I think you ought to rethink your concept of "evolution" to mean more of the generation of random traits through mutation where beneficial results sometimes arise. Sometimes cancer or miscarriage results, and sometimes it's the difference between blue and brown eyes. But what you need to keep in mind is that all of these complex adaptations are not one single mutation. They are chained mutations that just happened to be beneficial with numerous, uncountable numbers of failures (eg:miscarriages and pre-reproductive deaths) over generational timescales. Your eyes didn't develop from one mutation. Nor did the lens in your eye or even the membrane on the lens. It is all the result of MANY mutations. That's why it's reasonable to make the "leap."
Ya gotta be pretty smart to live through being raised by them. Fortunately my mum was - hence me being here.

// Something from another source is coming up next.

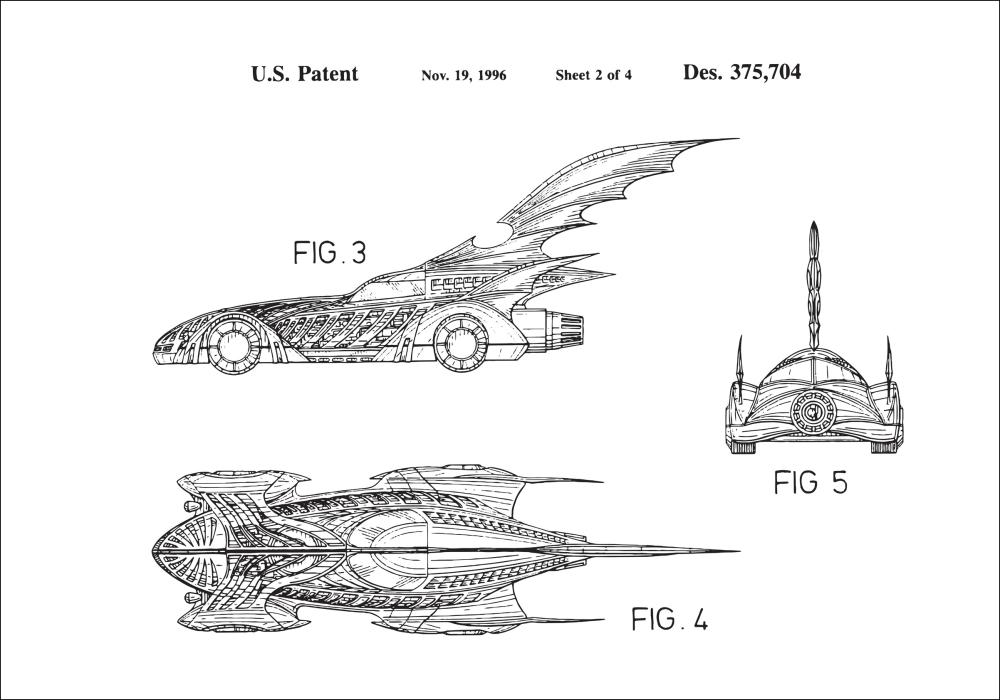 Patenta rasējums - Batman - Batmobile 1996 II Plakāts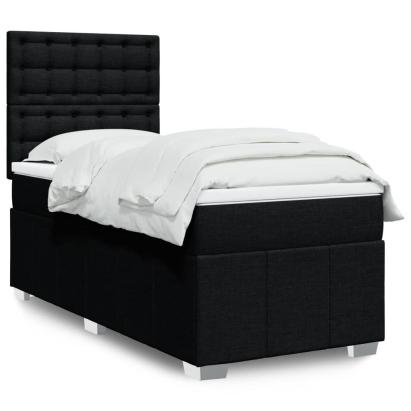 Pat box spring cu saltea, negru, 90x200 cm, textil GartenMobel Dekor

Funny story - although Grandpa walked around with club feet his whole life (praying that condition away apparently takes a very long time); something did happen that finally convinced them to see a doctor. My uncle (who was about 15 at the time) went from being irrational, to disturbed, to homicidal. I guess when you've got a homicidal 15 year old male in the house, and you can't out run him because your "please fix my damn club feet" prayer hasn't kicked in yet - self-interest makes you do crazy things - like call the nice men in the white coats. But as with many things, if you wait until something is life threating before changing your approach - it's usually a bit too late. No, he didn't kill my grandparents or anything - he got the typical "locked up and shocked up" treatment most people in his condition got back in the '50s. I don't know if Granpa asked if he was also too late to get his feet fixed, or just kinda figured it out on his own. The whole experience did cure them of their religion though.

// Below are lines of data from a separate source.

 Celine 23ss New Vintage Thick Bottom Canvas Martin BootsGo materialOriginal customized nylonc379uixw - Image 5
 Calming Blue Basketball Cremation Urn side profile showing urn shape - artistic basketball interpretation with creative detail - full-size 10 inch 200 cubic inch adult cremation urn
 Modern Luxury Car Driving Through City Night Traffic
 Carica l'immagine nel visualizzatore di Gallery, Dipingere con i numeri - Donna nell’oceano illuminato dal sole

Again, a bit late. The story losses it's "funny" status around the time my uncle escaped from the hospital. He burned down a block of flats for some reason, then later beat an old lady to death with a skillet because he thought she was trying to kill his children (he didn't actually have any children). Later he escaped from prison and showed up at my house with 2 other convicts, and car full of guns (no easy trick in England). My mum set them up and got them caught with no harm done to us (told ya she was smart).
So, to get back to the "Christian Scientists only hurt themselves" question - no, they don't. They can get other people killed at the same time. My uncle could have just as easily been afflicted with typhoid and sent off to school with nothing but prayer just as easily as he was sent into society with severe mental illness (which may or may not have been the result of some other untreated medical condition).

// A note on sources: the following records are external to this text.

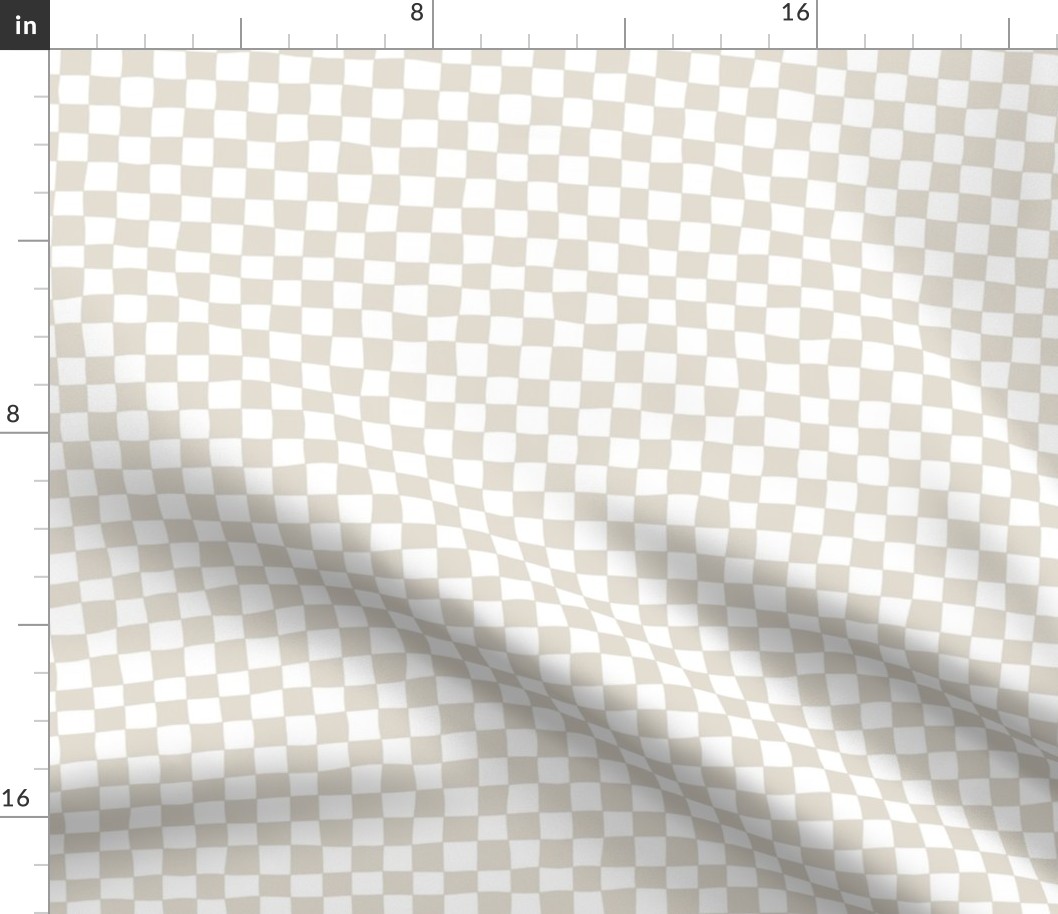 (M) Retro Checkered Wavy Checkerboard in Neutral White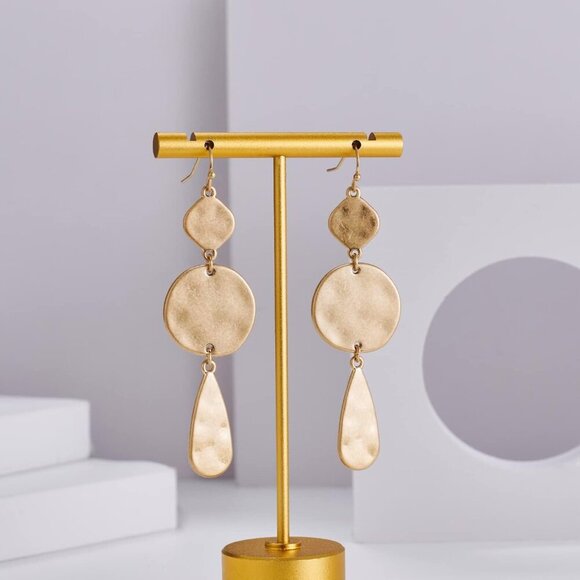 Burnt Gold Boho Earrings For Women Antique Silver Disc Dangle Earrings Vintage S - Picture 4 of 6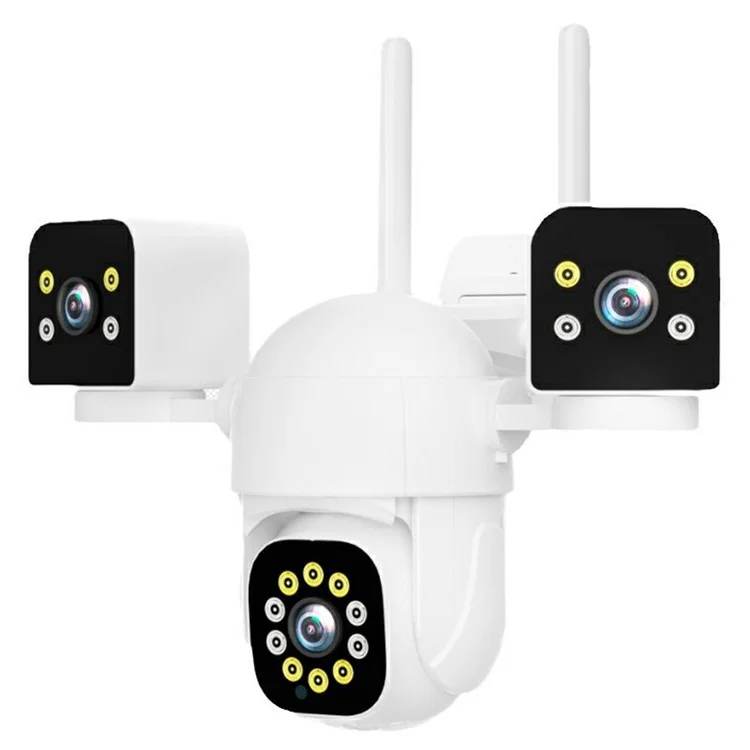 PC288-B3Y10-2MP Three-Screen WiFi Surveillance Camera Panoramic Rotation Night Vision HD Waterproof Camera with 128G TF Card - US Plug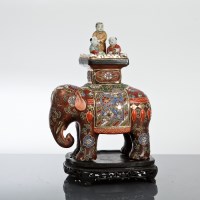 Lot 165 - JAPANESE FIGURE AND ELEPHANT GROUP the...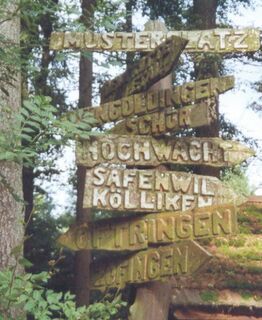 Wegweiser im Bünebergwald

No one likes to take away something that makes people happy (like faith) - but until people take responsibility for their actions, it's the burden of others to deal with the mess. I think it's OK to argue that people should take responsibility for their actions - even if there's no way of doing it that won't offend them.
And while I don't want to see religious discrimination anymore than anyone else here does - I recognize that there's a world of difference between *offending* someone and discriminating or persecuting them. It's OK, when necessary, to offend.